The democracy movement is grappling with a serious problem. Many of the countries it wants to have freedom of choice clearly support parties that don't like the West.

ISTANBUL -- An uncomfortable silence fell over the packed boardroom as the Islamist began to preach to the Westerners about democracy.

"You have to let people make their own choices, instead of trying to push an agenda," he said, his voice an angry shout, as his fellow delegates at a democracy-promotion summit in Turkey's largest city squirmed in their seats. "Let's all agree to say no to dictators, and then let's mobilize the voters and let them choose who they want, whether it's liberals or Islam."

The wiry, neatly groomed man doing the shouting was Lahcen Daoudi, a leading member of Morocco's Justice and Development Party, an Islamic movement expected to do well in that country's parliamentary elections next year. What he wanted to know was, if his party won fair and square, would the West accept them? Or would it face the same ostracism as Hamas, which won the recent Palestinian elections only to see aid and contacts cut by Canada and the United States?

"Am I supposed to wait for a liberal to authorize me to enter politics?" the former university lecturer fumed later after a heated argument with secular figures from across the Middle East and North Africa. "They are not more democratic than me."

Nodding in agreement with everything Mr. Daoudi said was Sheik Ali Salman, the head of Bahrain's National Islamic Society, which is expected to win the September elections in that Gulf kingdom.

The Westernized liberals and their American allies, who had called so long for free elections and an end to the tyranny of the region's long-ruling dictators and monarchs, gritted their teeth in frustration through the debate as the two Islamists grabbed the moral high ground by flinging basic democratic principles in their faces.

After the attacks of Sept. 11, 2001, the White House decided that democratizing the Middle East was the way to ultimately win the "war on terrorism" it declared in the aftermath. After decades of backing Middle Eastern dictators out of convenience, America set out to use its leverage to force the tyrants to open their societies. Free elections and free media, the assumption went, would create an environment in which young people would look to America as an inspiration, rather than a hated enemy.

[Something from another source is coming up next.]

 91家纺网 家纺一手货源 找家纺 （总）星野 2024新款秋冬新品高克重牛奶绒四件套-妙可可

Among the 400-plus delegates who gathered in Istanbul this past week for a meeting of the World Movement for Democracy were many of the people charged with making that happen, as well as some who, if all had gone according to plan, would be at the vanguard of the next generation of Middle Eastern leaders.
The World Movement is collection of democrats and democracy-promotion groups, most of them affiliated with or sponsored by the National Endowment for Democracy, or NED, the main democracy-promotion agency of the U.S. government.

If the same meeting had been held a year ago, Mr. Daoudi and Sheik Salman probably would have been doing the listening instead of the talking. Back then, Iraqis had just astonished the world by holding a reasonably successful election, people power on the streets of Beirut had forced the Syrian army to withdraw from Lebanon after a 29-year stay and a wave of unprecedented protests was shaking the foundations of Hosni Mubarak's rule in Egypt.

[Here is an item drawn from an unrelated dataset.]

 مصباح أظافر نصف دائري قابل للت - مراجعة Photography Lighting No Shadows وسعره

There was excited chatter among the region's liberal elites that maybe, just maybe, President George W. Bush had set something positive in motion when he sent the U.S. Army into Iraq. In the wake of the Lebanese uprising, some speculated that the Middle East could see a series of peaceful revolutions like the ones that swept through several former Soviet states in recent years.

In his 2004 State of the Union speech, Mr. Bush announced he was doubling the NED's annual budget to $80-million (U.S.), and he mandated that the extra $40-million be spent entirely in the Middle East. He said the money would be used to promote "free elections, free markets, free press and free labour unions" in the region, establishing a "democratic peace" somewhere along the way.

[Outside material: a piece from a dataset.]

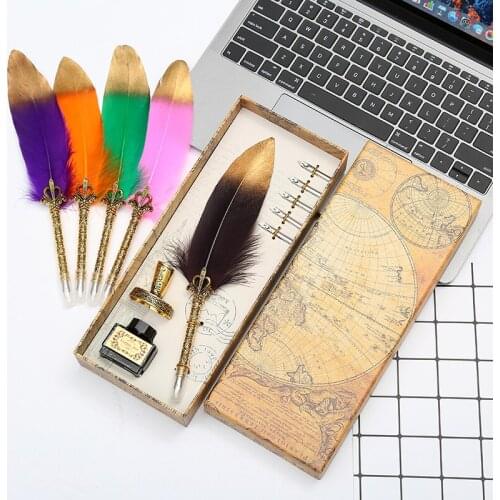 Novel! Natural retro gold spray feather dipped pen set writing ink luxury gift box can be customized LOGO Christmas gift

But over the past 12 months, awkward reality set in. In a region where America's occupation of Iraq, as well as its unflinching support of Israel, is widely seen as part of a war on Islam, the angry and humiliated masses rallied around their faith. When given the chance to choose their leaders, they voted for Islamists whose dedication to Western-style liberal democracy was questionable at best. And the West, after years of calling for more democracy in the Muslim world, was forced to admit that it doesn't like whom the people are choosing to lead them.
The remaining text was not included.